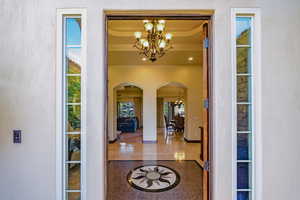 Foyer entrance with a chandelier, arched walkways, inlaid floor details, and recessed lighting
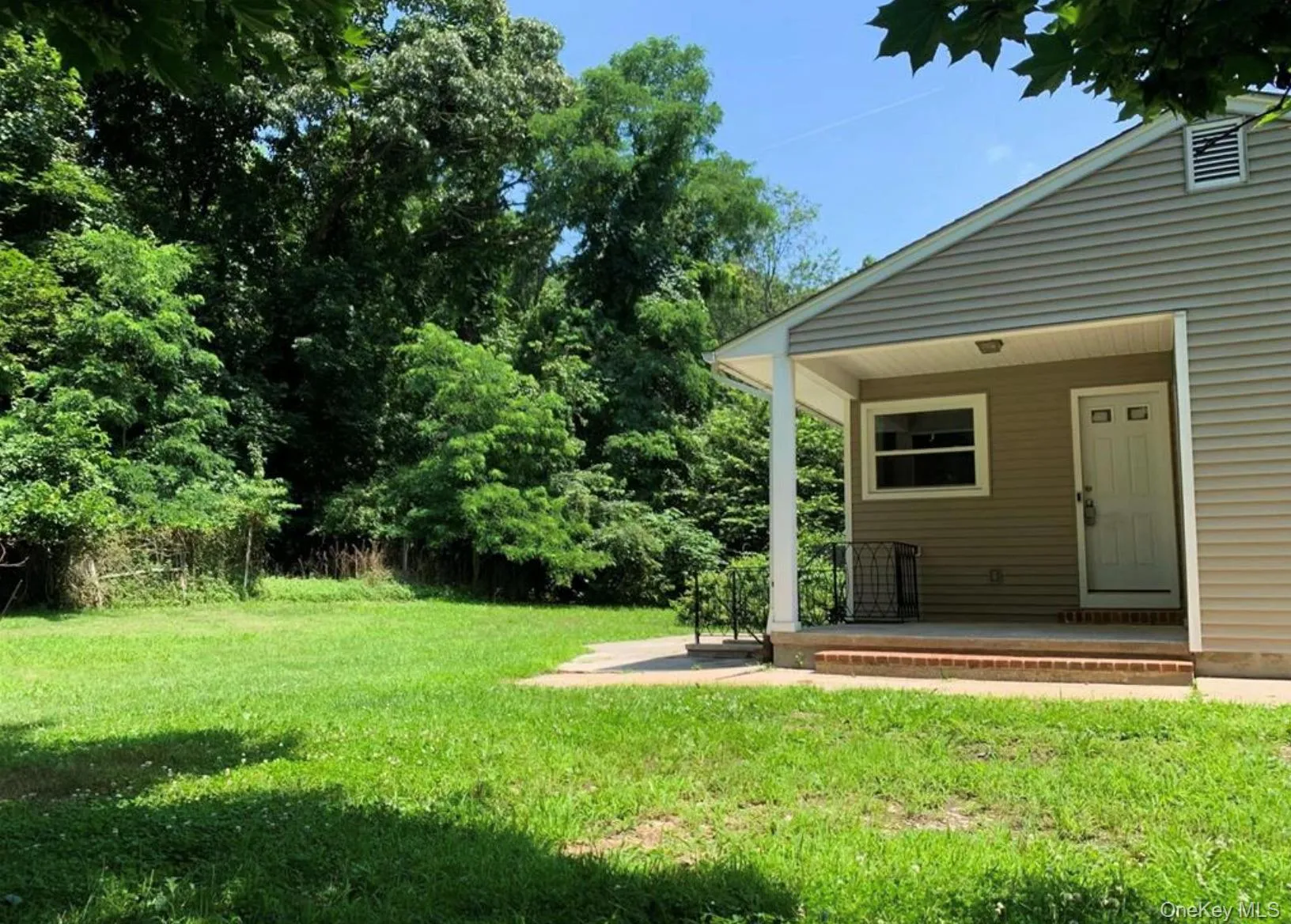 View of green lawn with a porch View of green lawn with a porch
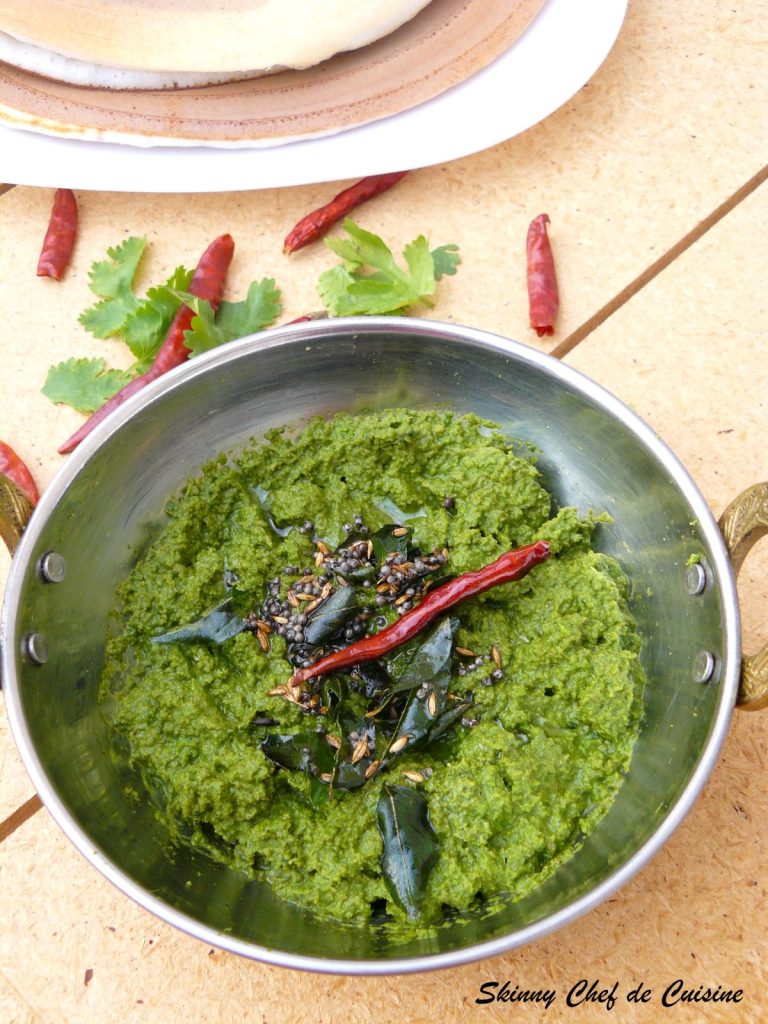 Coriander chutney garnished with spices and chillies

★ ★ ★

#### EXERCISE INSTRUCTIONS
Repeat all of the data above word for word, minus the pictures.

#### REPLY
 Foyer entrance with a chandelier, arched walkways, inlaid floor details, and recessed lighting
 View of green lawn with a porch View of green lawn with a porch
 Coriander chutney garnished with spices and chillies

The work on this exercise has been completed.